Chapter 5: How Did Salvation Take Over the Gospel?
The early creeds were the Church's attempt to work out the Story of Jesus, the Gospel. They served to create a gospel culture that survived, though didn't always thrive, until the Reformation. "The singular contribution of the Reformation...was that the gravity of the gospel was shifted toward human response and personal responsibility. ...The Reformation said, in effect, that the 'gospel' must lead to personal salvation." (71)

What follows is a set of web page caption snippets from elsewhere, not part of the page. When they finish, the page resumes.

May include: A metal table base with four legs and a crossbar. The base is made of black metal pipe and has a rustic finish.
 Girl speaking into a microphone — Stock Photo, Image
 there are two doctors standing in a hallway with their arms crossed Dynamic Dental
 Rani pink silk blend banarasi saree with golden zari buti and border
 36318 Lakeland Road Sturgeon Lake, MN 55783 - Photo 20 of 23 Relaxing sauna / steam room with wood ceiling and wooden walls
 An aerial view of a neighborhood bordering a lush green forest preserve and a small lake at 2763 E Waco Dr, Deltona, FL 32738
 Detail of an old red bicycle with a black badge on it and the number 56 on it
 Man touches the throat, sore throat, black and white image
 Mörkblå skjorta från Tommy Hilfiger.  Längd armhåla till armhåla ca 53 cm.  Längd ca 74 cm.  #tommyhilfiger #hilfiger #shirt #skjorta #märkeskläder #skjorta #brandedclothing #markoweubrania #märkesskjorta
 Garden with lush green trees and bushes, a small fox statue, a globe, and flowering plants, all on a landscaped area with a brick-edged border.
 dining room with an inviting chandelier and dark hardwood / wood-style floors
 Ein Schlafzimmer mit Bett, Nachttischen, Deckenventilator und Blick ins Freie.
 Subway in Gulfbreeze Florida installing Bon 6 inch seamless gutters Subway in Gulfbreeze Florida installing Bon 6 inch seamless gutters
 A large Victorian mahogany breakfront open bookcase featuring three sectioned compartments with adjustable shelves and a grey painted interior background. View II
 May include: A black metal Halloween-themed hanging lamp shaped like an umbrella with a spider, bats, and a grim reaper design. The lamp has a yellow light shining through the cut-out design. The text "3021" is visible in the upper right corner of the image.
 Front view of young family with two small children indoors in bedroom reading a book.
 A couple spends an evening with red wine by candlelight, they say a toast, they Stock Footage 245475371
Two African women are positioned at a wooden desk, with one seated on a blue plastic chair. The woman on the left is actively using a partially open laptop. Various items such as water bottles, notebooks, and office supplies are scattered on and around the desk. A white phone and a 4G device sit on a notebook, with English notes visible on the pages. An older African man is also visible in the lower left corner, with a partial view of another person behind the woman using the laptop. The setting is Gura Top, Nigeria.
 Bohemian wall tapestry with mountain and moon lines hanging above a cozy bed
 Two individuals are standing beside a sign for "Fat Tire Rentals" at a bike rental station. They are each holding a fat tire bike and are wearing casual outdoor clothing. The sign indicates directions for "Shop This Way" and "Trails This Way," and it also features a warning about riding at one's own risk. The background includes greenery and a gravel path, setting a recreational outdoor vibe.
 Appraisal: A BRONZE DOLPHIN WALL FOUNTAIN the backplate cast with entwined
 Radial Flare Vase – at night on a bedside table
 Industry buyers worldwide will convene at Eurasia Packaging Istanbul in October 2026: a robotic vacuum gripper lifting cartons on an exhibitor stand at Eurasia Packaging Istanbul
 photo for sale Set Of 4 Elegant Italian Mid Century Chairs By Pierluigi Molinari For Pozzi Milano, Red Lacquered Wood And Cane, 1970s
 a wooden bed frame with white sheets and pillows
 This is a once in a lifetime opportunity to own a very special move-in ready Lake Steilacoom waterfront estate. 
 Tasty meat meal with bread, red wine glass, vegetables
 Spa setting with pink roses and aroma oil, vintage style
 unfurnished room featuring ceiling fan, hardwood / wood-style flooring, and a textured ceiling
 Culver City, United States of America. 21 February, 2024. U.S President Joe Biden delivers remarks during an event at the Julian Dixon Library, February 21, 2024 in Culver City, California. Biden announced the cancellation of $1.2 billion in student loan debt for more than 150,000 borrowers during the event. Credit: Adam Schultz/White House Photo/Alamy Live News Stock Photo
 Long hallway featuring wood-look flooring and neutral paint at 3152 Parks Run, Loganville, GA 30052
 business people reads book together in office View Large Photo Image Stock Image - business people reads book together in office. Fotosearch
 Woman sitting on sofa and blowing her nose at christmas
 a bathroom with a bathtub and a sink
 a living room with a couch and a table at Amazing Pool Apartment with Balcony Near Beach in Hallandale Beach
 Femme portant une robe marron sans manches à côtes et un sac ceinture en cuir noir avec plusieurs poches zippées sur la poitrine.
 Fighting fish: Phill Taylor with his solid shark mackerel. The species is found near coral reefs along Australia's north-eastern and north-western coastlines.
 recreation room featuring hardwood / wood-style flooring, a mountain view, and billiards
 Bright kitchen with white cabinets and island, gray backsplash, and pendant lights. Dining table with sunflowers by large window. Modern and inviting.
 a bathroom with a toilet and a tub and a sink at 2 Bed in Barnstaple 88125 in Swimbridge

The Reformation did not create this salvation culture immediately, but it set into action processes by which the old gospel culture was discarded, and the new salvation culture was embraced. "The Story of...Jesus became the System of Salvation." (72) Now we have a Christian culture that is obsessed with salvation, which is merely one of the many benefits of the gospel. The fact that we can go to heaven when we die is good news, but it is not the Gospel of Jesus Christ. Rather, it comes to those who believe the gospel, and in that belief, order their lives by it.
My next post on the book will cover the final two chapters, with a particular emphasis on how we create a gospel culture today. I'm skipping the intervening chapters, not because they aren't any good, but because I feel as though I ought to leave something for you to discover when you read the book.